Porém, junto com esse pensamento deve vir a inovação. Pense na primeira vez que você viu ou usou um smartphone. A atração não era só sua facilidade de uso (um elástico é fácil de usar), é que ele era inovador. Era algo que as pessoas nunca tinham visto, mas mesmo assim, se apresentava de uma maneira que era ao mesmo tempo nova e intuitiva. “Mas é claro! Por que ninguém nunca havia pensado nisso antes?”
“VOCÊ NÃO PODE PERGUNTAR AOS CLIENTES O QUE ELES QUEREM E DEPOIS ENTREGAR A ELES. QUANDO VOCÊ CONSEGUIR CONSTRUIR O QUE ELES QUEREM, ELES JÁ VÃO QUERER ALGO NOVO.” —STEVE JOBS
2. Enriqueça Sua Vida Com Novas Experiências…e Pergunte
É fácil falar “seja inovador” (ou “Pense Diferente”, igual a famosa campanha de marketing da Apple), mas como é possível fazer isso? Infelizmente, apesar de não haver uma resposta única para essa questão, ter esse exato problema é na verdade um ponto forte de acordo a visão de Jobs. Em 1982, ao aceitar um prêmio da Academia de Realizações, ele disse: “Se você vai realizar conexões que são inovadoras…você não pode ter a mesma bagagem de experiência que todo mundo tem…caso contrário você vai fazer as mesmas conexões (que todo o resto), e aí você não será inovador, e ninguém vai te dar um prêmio.”
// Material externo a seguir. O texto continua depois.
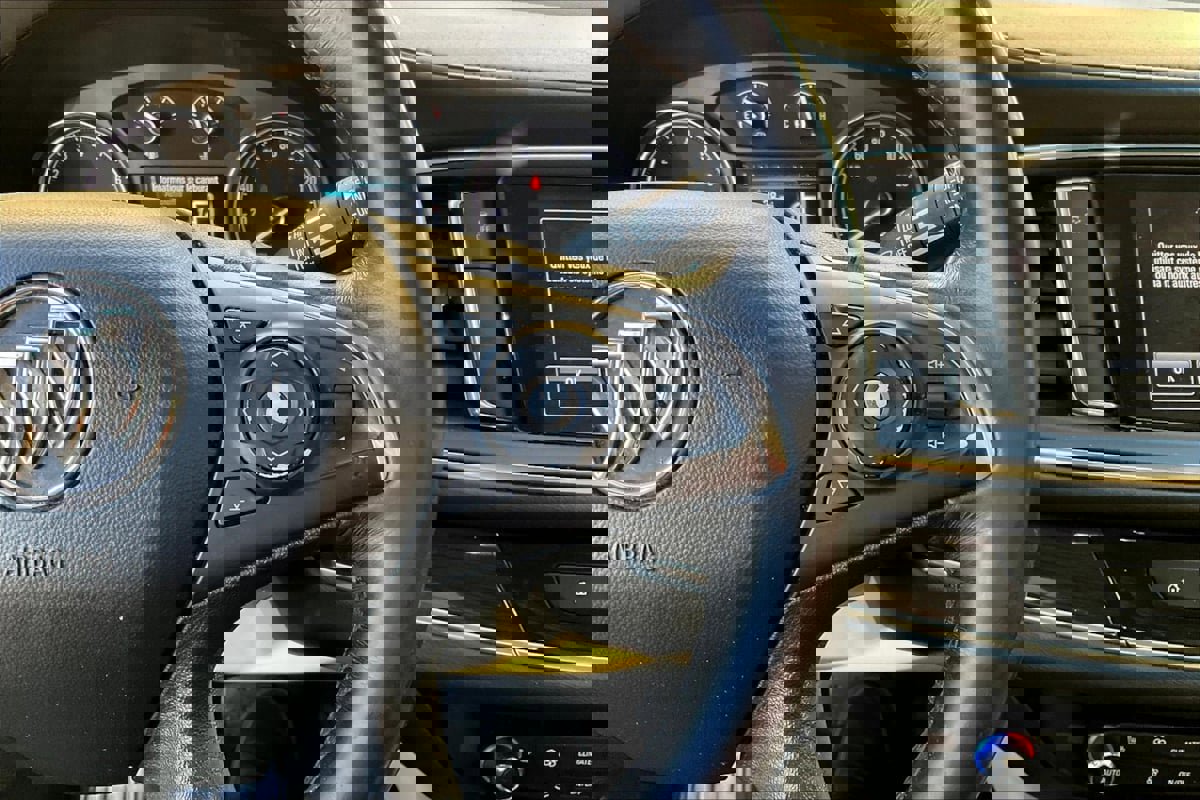 Used 2019 Buick Enclave Essence image 19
Jobs encorajou suas plateias e funcionários a aproveitarem suas características únicas e não fazer nem o que era esperado, nem o que o vizinho estava fazendo. No seu discurso na Academia, ele encorajou os ouvintes a tirarem um tempo para viajar, ver e experimentar coisas, ler, e ter novas experiências. Ele dizia: “Ouvi falar sobre um garoto que tem 14 anos e está indo pra Stanford, e isso é ótimo…mas talvez você queira pensar em ir para Paris e ser um poeta por alguns anos. Ou talvez você queira ir para um país de terceiro mundo. É muita coisa que vale a pena ser feita.”
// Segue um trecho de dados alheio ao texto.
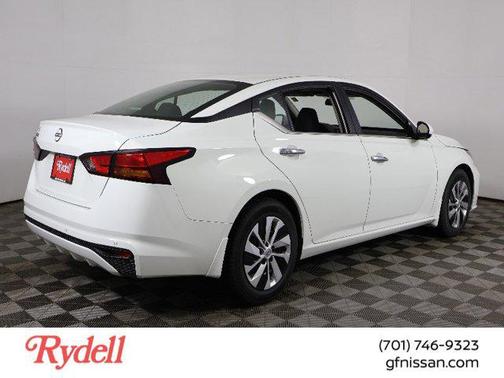 2023 Nissan Altima S FWD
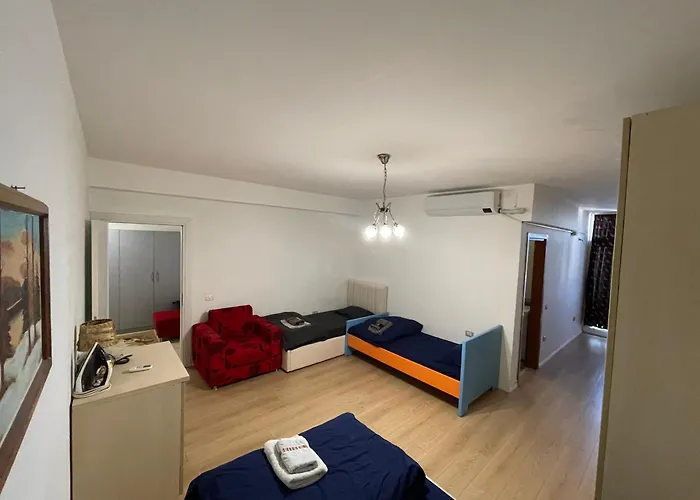 Center Luxury 公寓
Quanto mais experimentamos—e especialmente de maneira pessoal, não apenas pelo outro—não só nossas vidas serão mais ricas, mas também seremos mais bem treinados para perceber coisas novas. A experiência nos permite enxergar conexões entre coisas que outras pessoas podem não perceber. Mas mesmo se a exposição ao novo e desconhecido aumentar e aprofundar uma pessoa, a simplicidade não deve ser esquecida.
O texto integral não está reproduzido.